Last week, The Wall Street Journal published a detailed report on the current state of housing in the US, noting that existing home sales rose by just 0.6% in April, compared to the month before. This statistic seems unremarkable, yet it understates just how solid things are looking at the moment.
Looking back to last year, home sales have now increased by 9.7% to an annual rate of 4.97 million, which is the highest level seen since November 2009, according to the National Association of Realtors (NAR). But that's just one encouraging sign from last week's report, and there are plenty more to suggest that housing is making nice progress, thank you very much.

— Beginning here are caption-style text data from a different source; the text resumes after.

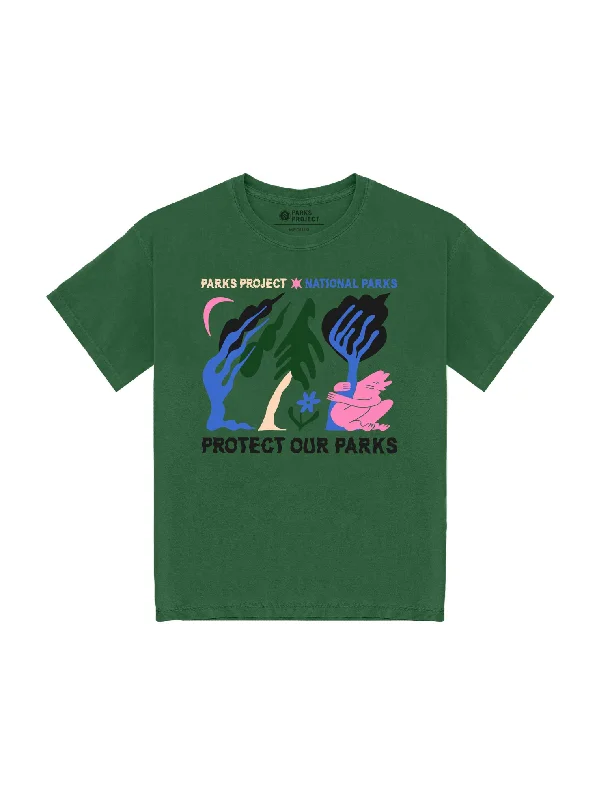 Comfortable Dresses Protect Our Parks Tree Hugger Tee - Green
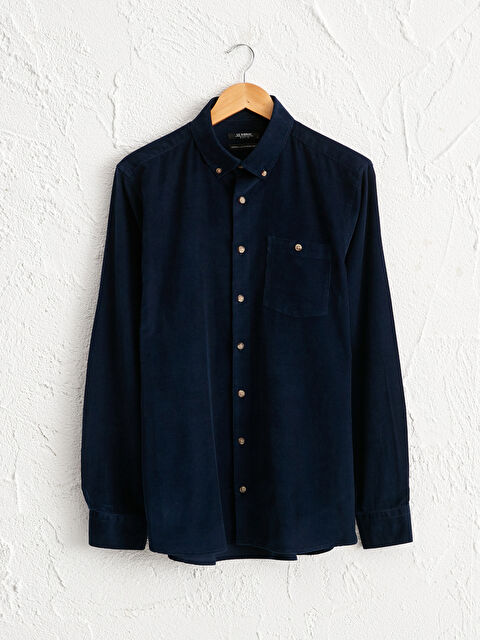 LCWAIKIKI Basic قميص قطيفة كم طويل بقصة عادية - 0W4132Z8-CRP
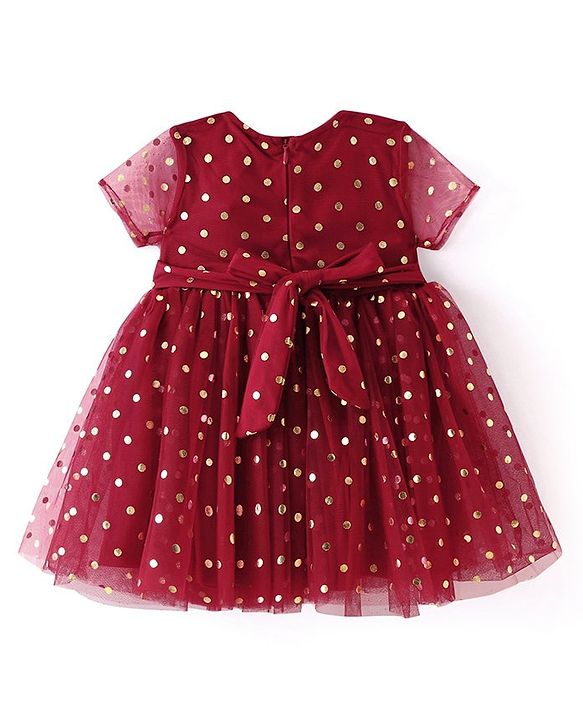 Babyhug Woven Half Sleeves Fit and Flare Party Frock Polka Dot Foil Print & Bow Applique With Headband  - Red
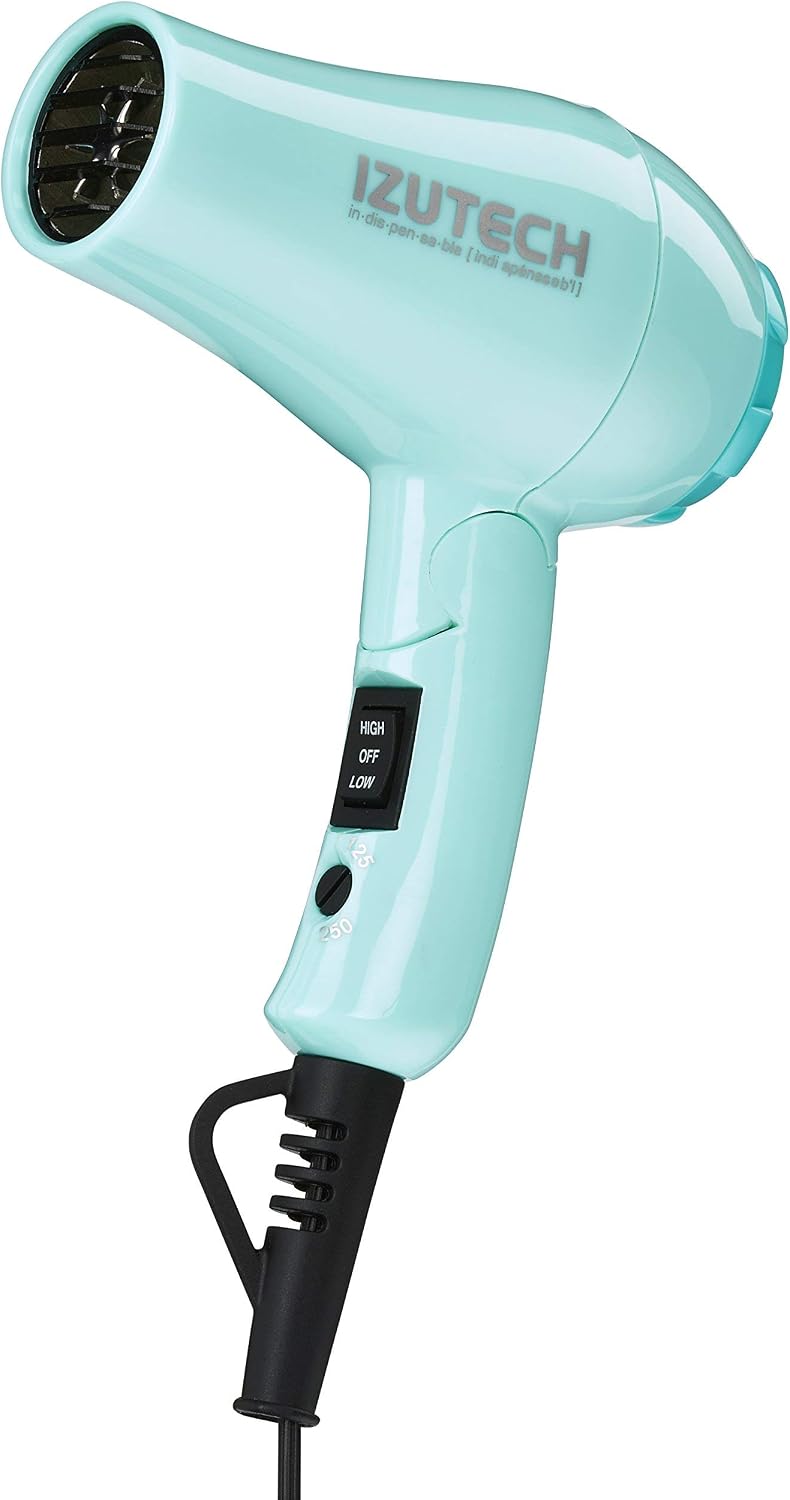Izutech Toro2400 turquoise hair dryer folded handle angle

Sales are up from last year's level, despite there being a significantly lower inventory at the moment. The WSJ reports that there were 2.16 million existing homes listed for sale at the end of April, 13.6% less than April 2012. Even so, sales haven't slowed down as one might think, in part due to the record low interest rates banks are offering right now. These interest rates allows buyers to swallow the house price increases over the last year, without seeing any significant increase in mortgage repayments.
Non-distressed home sales are picking up. According to the WSJ, foreclosures and short sales accounted for 18% of all sales in April, down from 28% the year before. Some real estate watchers will be surprised, but the reduced availability of distressed homes hasn't yet led to a decline in sales, which can only mean one thing – buyers are increasingly targeting non-distressed properties.

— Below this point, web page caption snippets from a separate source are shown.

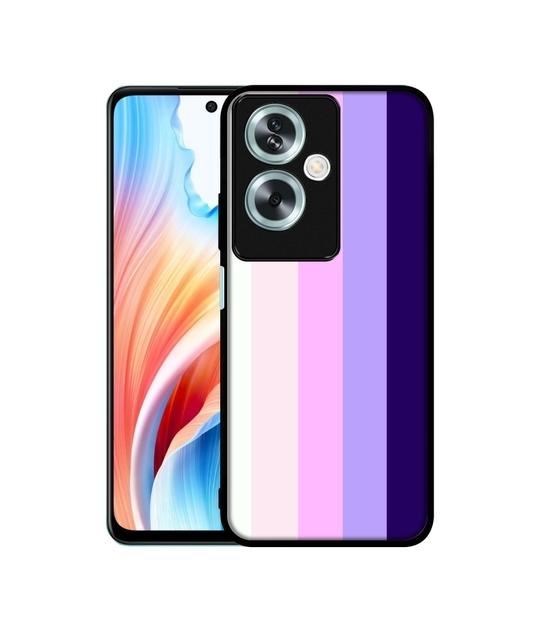 Casotec Pink and Purple Lines Design Premium 2D Printed Metal Back Case Cover for Oppo A79 5G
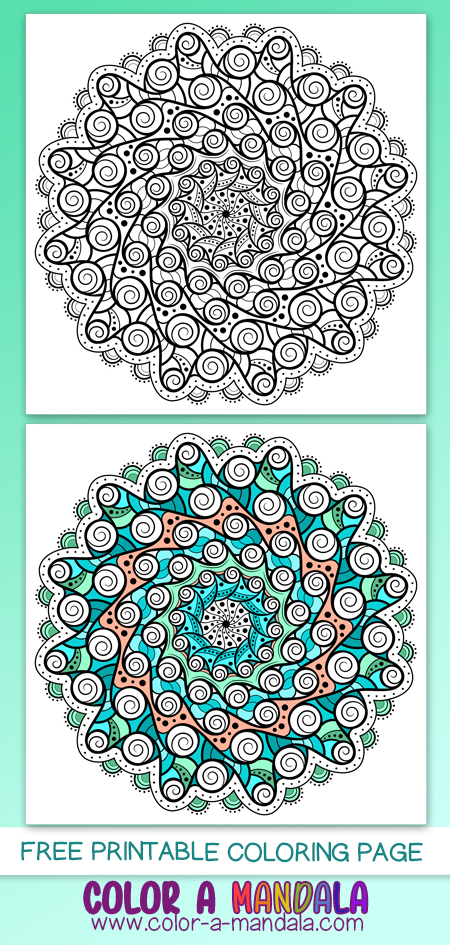 Swirly curly mandala m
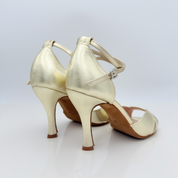 Nicole scarpe da ballo caraibici Manu 128 vista frontale pelle laminata platino tomaia doppia fascia cinturino 2CAI doppio incrocio tacco spillo 9cm bachata kizomba stabilità caviglia fibbia elastico
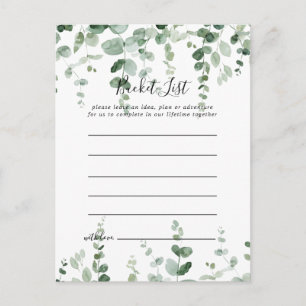 Elegant Minimalist Eucalyptus Bucket List Cards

Listings jumped last month. As all good real estate agents will know, spring marks the start of the hectic buying season, and so the 11.9% rise in the number of homes for sale probably doesn't come as a surprise. However, even after taking seasonal factors into account, inventories rose by 1.8%, according to Trulia's chief economist Jed Kolko. Altogether, inventories are up by 4.8% in 2013.

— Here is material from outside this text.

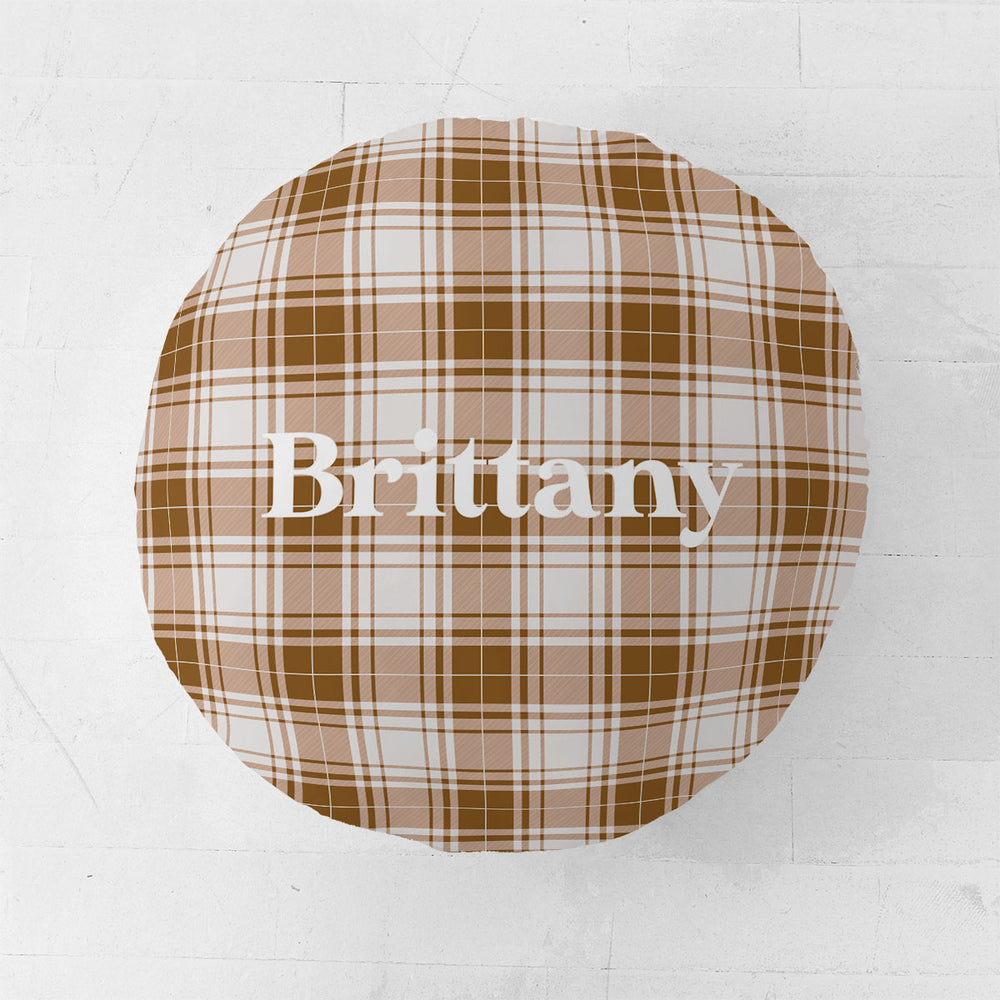 Personalized Floor Pillow | Plaid Perfection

If inventories continue to rise it'll be extremely good for US housing markets. Agents have been saying for months now that sales volume has been limited due to lack of supply. Indeed, this lack of inventory is one of the biggest reasons for the 10% rise in home prices since this time last year. So long as inventories keep rising as they have been doing, we'll eventually see this price rally slow down somewhat, thus boosting sales and restoring 'balance' to the market.
Homes are being snapped up faster. In fact, they're selling like the proverbial hot cake right now, almost twice as quickly as one year ago. The average home was sold within just 46 days last month, compared to an average of 83 days on the market one year ago, according to the NAR.